Wonder how many of you can relate to this post. I was a part of a family. I took care of my children. I had a side business in Antiques. Everyone grew up and moved on. Marriage dissolved.
Now I am older and alone. The lack of full-time work when I was younger,didn’t help me now that I collect that Disability check. I should be so grateful for my roof and bills paid, but what about the extra money I don’t receive? You know, where you want to buy food but can’t do much of that?
My health keeps me from working. Even if I could work, the government takes away the things I need most, such as insurance. I hate living off the government. I am not one of those who sits at home on purpose and collects, when I could be working.
Having Parkinson/ Ataxia/Dystonia, isn’t something that is easily turned into cash. I am safe, as far as the term goes, not living in the streets, but is it bad to want a little more? Wouldn’t it be so much nicer if I got to choose the foods I ate, instead of taking what is offered through other means? Don’t get me wrong, I appreciate the help, but I wish I didn’t have to take it.
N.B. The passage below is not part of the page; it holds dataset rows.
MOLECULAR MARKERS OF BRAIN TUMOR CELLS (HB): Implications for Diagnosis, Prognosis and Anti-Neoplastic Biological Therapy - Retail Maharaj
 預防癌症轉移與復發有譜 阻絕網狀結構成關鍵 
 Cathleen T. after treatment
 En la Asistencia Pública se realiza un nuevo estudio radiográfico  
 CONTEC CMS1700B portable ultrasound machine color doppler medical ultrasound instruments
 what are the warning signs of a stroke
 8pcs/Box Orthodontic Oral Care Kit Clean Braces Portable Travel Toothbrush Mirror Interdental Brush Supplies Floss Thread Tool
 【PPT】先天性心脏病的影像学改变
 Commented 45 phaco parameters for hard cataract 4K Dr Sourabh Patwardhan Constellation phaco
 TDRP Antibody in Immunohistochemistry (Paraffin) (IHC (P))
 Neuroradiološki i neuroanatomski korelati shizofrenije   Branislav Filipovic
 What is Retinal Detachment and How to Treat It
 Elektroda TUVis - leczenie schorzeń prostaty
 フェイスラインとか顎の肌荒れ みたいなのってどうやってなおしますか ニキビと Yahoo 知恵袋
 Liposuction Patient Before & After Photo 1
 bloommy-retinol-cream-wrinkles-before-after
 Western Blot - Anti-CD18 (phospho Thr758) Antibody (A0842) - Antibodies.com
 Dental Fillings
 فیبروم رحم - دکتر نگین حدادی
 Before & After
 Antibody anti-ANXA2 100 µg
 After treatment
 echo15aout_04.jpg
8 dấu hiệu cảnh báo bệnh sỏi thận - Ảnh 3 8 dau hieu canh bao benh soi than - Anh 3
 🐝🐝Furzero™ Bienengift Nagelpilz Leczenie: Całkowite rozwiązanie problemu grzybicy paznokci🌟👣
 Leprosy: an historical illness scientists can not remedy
I don’t consider myself a loser woman. I think myself as intelligent as others my age. I have looked into photography selling. I have joined a couple of groups. Plenty look, but no sales after too much time has passed.
I can write, or at least think I can, but it doesn’t pay. I have written and published a couple of books. I sell them, but I can’t buy groceries for a weeks time on the profits.
I paint, but I am definitely an artist only in my own mind.
What do people do at this point in their life? For me, no amount of searching has lead me to any real profit. I sit here daily and hope for change, but then I frown when I can’t find it.
Even after three years of getting no cost of living through Social Security, I finally received a small raise. The government then raised my rent and my auto insurance went up, you know, they yearly increases? I actually ended up going in the hole for 2018.
How do fixed income, senior citizens make a little extra, so things like food choices or a much needed pair of walking shoes can be had?
So depressing at times when, but haven’t been able to fix it yet. Perhaps one day.